I had one probationer who thought that red lights were for non-cops. I let him drive twice and both times, I took the car keys away from him. He kept driving through major intersections against the red light figuring that no one would hit a police car. I once supervised a probationer who had never driven a car. He lived in New York and always took a taxicab. I watched his training officer’s hair turn grey. We had a few female probationers who weren’t use to driving big four-door cars with a powerful engine. We didn’t have any two-door police equipped BMW’s.
The worst probationer I had was Jeff. Jeff was a graduate from USC and thought that being a cop would be fun. Jeff couldn’t write a sentence without help. No, he wasn’t an athlete. He told me that he paid someone to write all his college papers. I thought that was strange because Jeff was the cheapest cop I ever met.
We were eating at Denny’s one morning and I just had coffee, Jeff had steak and eggs. Jeff wanted to split the bill down the middle. Another time Jeff and his partner walked into a restaurant to eat and spotted a wanted burglar sitting at the counter. The whole watch was looking for this crook. They grabbed him and Jeff objected. He wanted his half price meal instead.
The worst trait about Jeff was that he was a coward. Yep, Jeff wanted to wear the uniform and collect the paycheck but didn’t want any of the danger that came with the badge.

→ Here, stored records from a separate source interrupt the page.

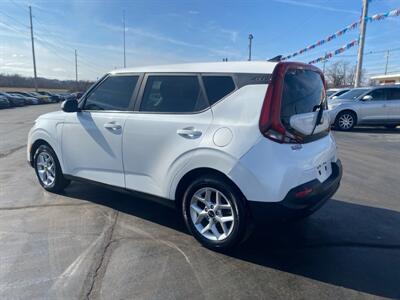 2020 Kia Soul LX   - Photo 6 - Cahokia, IL 62206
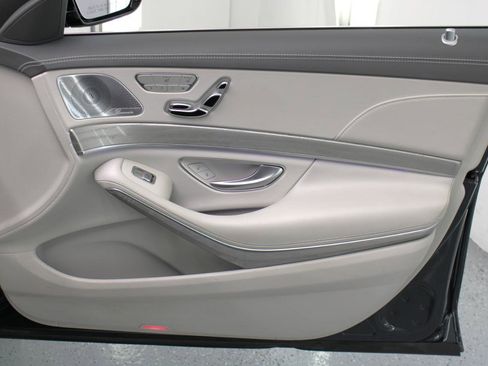 Used 2015 Mercedes-Benz S 550 Sedan image 51
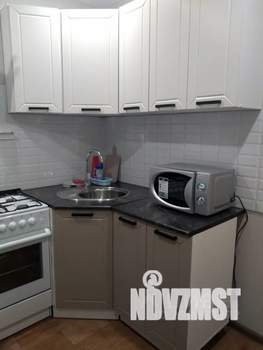 1-к квартира, посуточно, 31м2, 4/9 этаж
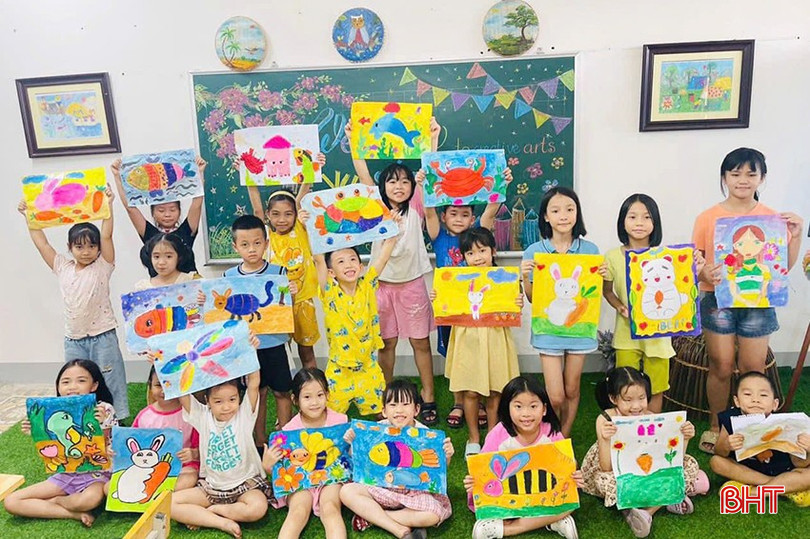 Hiện có khoảng 300 học sinh đã đăng ký tham gia các khóa học tại Trung tâm Hoạt động thanh thiếu nhi Hà Tĩnh. bqbht_br_6.jpg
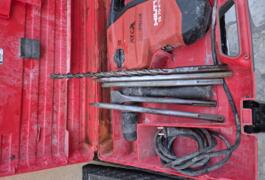 Location outil Marteau piqueur Électrique Hilti près de L'Haÿ-les-Roses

We had a “man with a gun” radio call and the witness told us the armed suspect went into a parking lot. Jeff and I were to go down one side of the parking lot and two other officers were to check the other side. We started searching the parking lot. I was in the lead after about thirty yards I looked back, Jeff was still out on the sidewalk hiding behind a building. I motioned for Jeff to join me; he refused and said it was too dangerous!

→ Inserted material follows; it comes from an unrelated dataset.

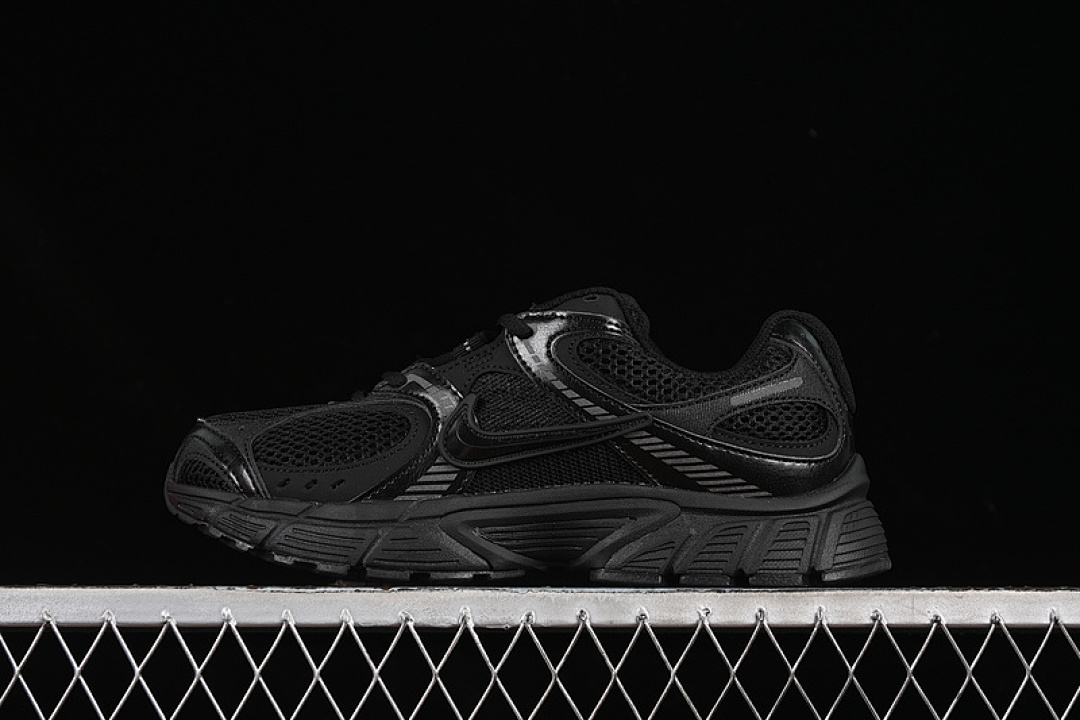 Unbranded [HJ5228-001]-[V5 RNR BLACK/BLACK/ANTHRACITE]-[WOMAN:36-39]-[MAN:40-45], photo 1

Another time Jeff and his partner got into a pursuit. The suspect’s vehicle crashed and the driver fled on foot. Jeff’s partner chased and caught the suspect. He looked around and no Jeff. The partner walked back to the police car and there was Jeff. Jeff said he was guarding the police car! Jeff was asked to leave the LAPD.

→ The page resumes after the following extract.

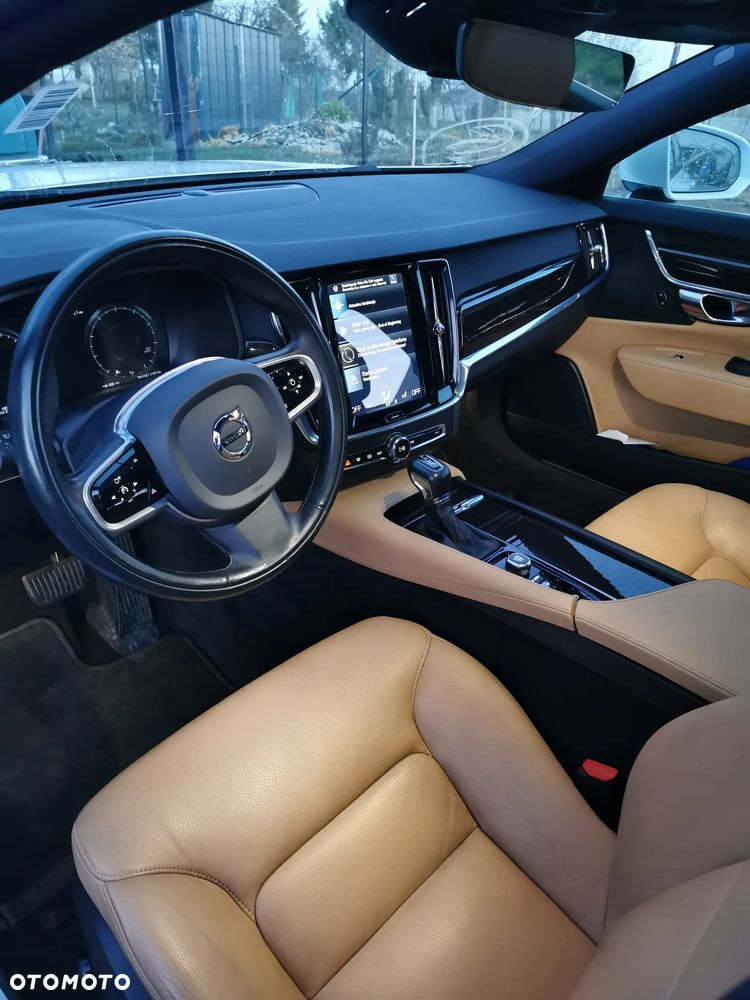 Volvo S90 T5 Momentum - 11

I had another probationer, Tom, a nice enough guy, but he use to sit at code-7 (meal break) and tell me he had the next day off. He would ask me if he should get drunk and go to bed or sleep then get up and get drunk. I sent Tom AA cards for years after we worked together. Another time, he informed me that he went to a Doobie Brothers concert in Santa Barbara instead of sleeping. Tom asked me if we could coast tonight. I told Tom that if I caught him with his eyes closed, I’d send him home. He’s my back up. Am I hard ass or just a music critic? Come on—the Doobie Brothers!!
During the height of affirmative action hiring, I had a probationer who had no common sense and couldn’t make a decision. We once were given a bag of possible narcotics to book. He took custody of the bag and then informed me that he had gotten some of the powder on his hand and had touched his lips! I told him that if he started acting strange, I might have to shoot him. I hope he’s now working as a Wal-Mart greeter.
Some thought my hair loss was hereditary. I think it was probationers. We all learned the hard way.
Next I’ll describe some of the best, or good, partners I worked with or for. Hal
I loved this one.
Thanks, Marilyn. Hal really strips the veneer off the romantic notions of the job. Yet he still loves and honors it. A great perspective.